Buradan da anlıyorum ki Türkiye, Ermenistan’la ve çözüme dahil olmak isteyen üçüncü ülkelerle sessiz diplomasiyi sürdürecek. Hem de ısrarlı sürdürecek.
(Yani Ermenistan ve ilgililerin bildiği, Türk Milletinden gizli diplomasi. Bir süre önce Protokoller İsviçre’de parafe edildiğinde, kardeş Azerbaycan telaşla,” bu doğru mu “ diye sormuş, bizimkiler ” böyle bir şey yok “ diyerek inkar etmişlerdi. Hatta Azerbaycan’ı Ermenilerin oyununa gelmekle suçlamışlardı. Ancak daha sonra, paraf işinin doğru olduğu anlaşılmıştı.)

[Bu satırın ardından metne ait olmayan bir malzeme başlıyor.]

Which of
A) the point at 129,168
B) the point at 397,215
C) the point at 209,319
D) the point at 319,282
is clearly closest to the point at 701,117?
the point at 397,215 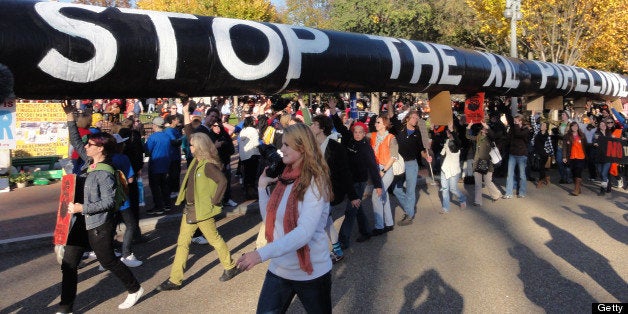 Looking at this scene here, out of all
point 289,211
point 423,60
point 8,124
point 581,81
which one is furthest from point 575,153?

- 19 Mart 2010, Erdoğan beyanım çarpıtıldı, ben ” kaçak “ Ermenilerden bahsettim, dedikten sonra ” Biz orada hoşgörümüzü anlatmak istedik “ diyerek sözlerini tevil etti.
- 25 Mart 2010, Türkiye’deki kaçak Ermeniler konusunda Hükümet önemli bir adım atmaya hazırlanıyor. Ermeni Cemaatine ait okullara gidemeyen kaçak Ermeni çocuklarının, eğitim sorunlarının giderilmesi için düğmeye basıldı. Türkiye Ermenileri Patrikliği Ruhani Meclis Başkanı Başepiskopos Aram Ateşyan, “Başbakan Yardımcısı Bülent Arınç, ‘Çocukların eğitimi için gerekli çalışmalar başlatılacak’sözünü verdi... Başbakan Erdoğan’ın, ‘kaçak Ermenilerin sınır dışı edilebileceği’yönündeki sözlerine getirdiği açıklamayı yeterli bulduklarını belirten Ateşyan, “İlk duyduğumuzda, çok üzülmüştük.” dedi.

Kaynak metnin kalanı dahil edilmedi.